While Canada has more control over how pharmaceutical products are promoted to the public than the US, its overall consumption patterns are quickly approaching those of its neighbor to the south.
For example, from 2006 to 2011, the prescription of high dose opioid formulations went up by 23 percent, according to a 2014 study published in the Canadian Family Physician.
And as opioid consumption has risen, opioid-related deaths have mirrored the trend — although no national statistics are available, provincial numbers shed some light on the trend. In three Canadian provinces and a handful of American states for which there is data shows, the overdose rate associated with fentanyl has skyrocketed in recent years, by factors of 200 percent and more.
A study released in April by the University of Manitoba, which found that while patients are supposed to have had some experience with opioids before being prescribed fentanyl, that wasn't happening in half of the cases they studied. That raised concerns about the cavalier way in which doctors have been prescribing them, experts say.
"Ensuring adequate opioid tolerance before prescribing a fentanyl patch is one measure that is fully in the hands of physicians and pharmacists," co-author Shawn Bugden had said in a press release about the study.
Most in the medical community agree that there's a place for opioids in the treatment of pain. In some cases, their benefits are undeniable.
"But we need to invest in non-medication related treatment for chronic pain, but right now, it's just not available," said Ahamad, who believes a comprehensive response, including training family doctors to diagnose and treat addiction in an evidence-based way and support for harm reduction programs, is necessary.
Ahamad also said suboxone and methadone, drugs used to treat opioid addiction, should be available in primary care settings across the country, and that doctors should be trained in how to prescribe it.

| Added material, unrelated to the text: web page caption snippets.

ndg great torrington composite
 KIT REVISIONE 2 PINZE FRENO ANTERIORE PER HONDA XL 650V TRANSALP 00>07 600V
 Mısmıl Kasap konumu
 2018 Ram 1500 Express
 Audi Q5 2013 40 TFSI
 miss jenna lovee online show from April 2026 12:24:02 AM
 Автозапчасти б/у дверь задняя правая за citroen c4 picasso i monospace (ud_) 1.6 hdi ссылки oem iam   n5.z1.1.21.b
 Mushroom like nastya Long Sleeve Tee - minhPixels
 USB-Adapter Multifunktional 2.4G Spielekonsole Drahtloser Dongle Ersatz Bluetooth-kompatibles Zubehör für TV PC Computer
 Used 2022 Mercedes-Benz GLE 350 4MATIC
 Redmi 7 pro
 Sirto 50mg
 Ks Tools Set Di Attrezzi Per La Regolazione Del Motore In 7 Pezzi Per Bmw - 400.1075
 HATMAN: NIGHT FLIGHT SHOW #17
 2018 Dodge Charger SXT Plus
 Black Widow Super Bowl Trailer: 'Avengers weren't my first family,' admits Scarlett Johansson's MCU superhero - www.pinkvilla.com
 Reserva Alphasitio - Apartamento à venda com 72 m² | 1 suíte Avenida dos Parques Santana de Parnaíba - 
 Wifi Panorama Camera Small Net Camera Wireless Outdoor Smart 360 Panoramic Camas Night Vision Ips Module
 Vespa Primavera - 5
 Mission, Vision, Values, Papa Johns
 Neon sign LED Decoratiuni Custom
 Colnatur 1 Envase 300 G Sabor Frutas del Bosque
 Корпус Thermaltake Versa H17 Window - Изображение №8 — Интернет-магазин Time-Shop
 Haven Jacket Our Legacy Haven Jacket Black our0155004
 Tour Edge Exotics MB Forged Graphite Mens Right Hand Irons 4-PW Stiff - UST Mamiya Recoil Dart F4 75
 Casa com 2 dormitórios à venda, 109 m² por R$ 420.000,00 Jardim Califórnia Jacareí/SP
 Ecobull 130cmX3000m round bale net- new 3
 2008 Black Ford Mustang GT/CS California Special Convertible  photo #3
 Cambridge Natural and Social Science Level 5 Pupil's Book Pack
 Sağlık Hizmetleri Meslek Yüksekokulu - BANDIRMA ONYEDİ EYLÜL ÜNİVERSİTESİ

Lanktree considers herself lucky for being able to get on a methadone treatment program right away, having "failed miserably" at abstinence-based rehab earlier.
"Once I was on the street, I got to speaking with more people who were involved in drugs, who had used opiates, who had been down multiple treatment paths," she recalled. A friend pushed her to try methadone.
"Just a few weeks into treatment, I started noticing a clearheadedness I hadn't had in years. I no longer needed to use nearly as much. My cravings weren't as bad. Eventually, I was able to completely stop injecting altogether," she said. "And I've been doing great ever since."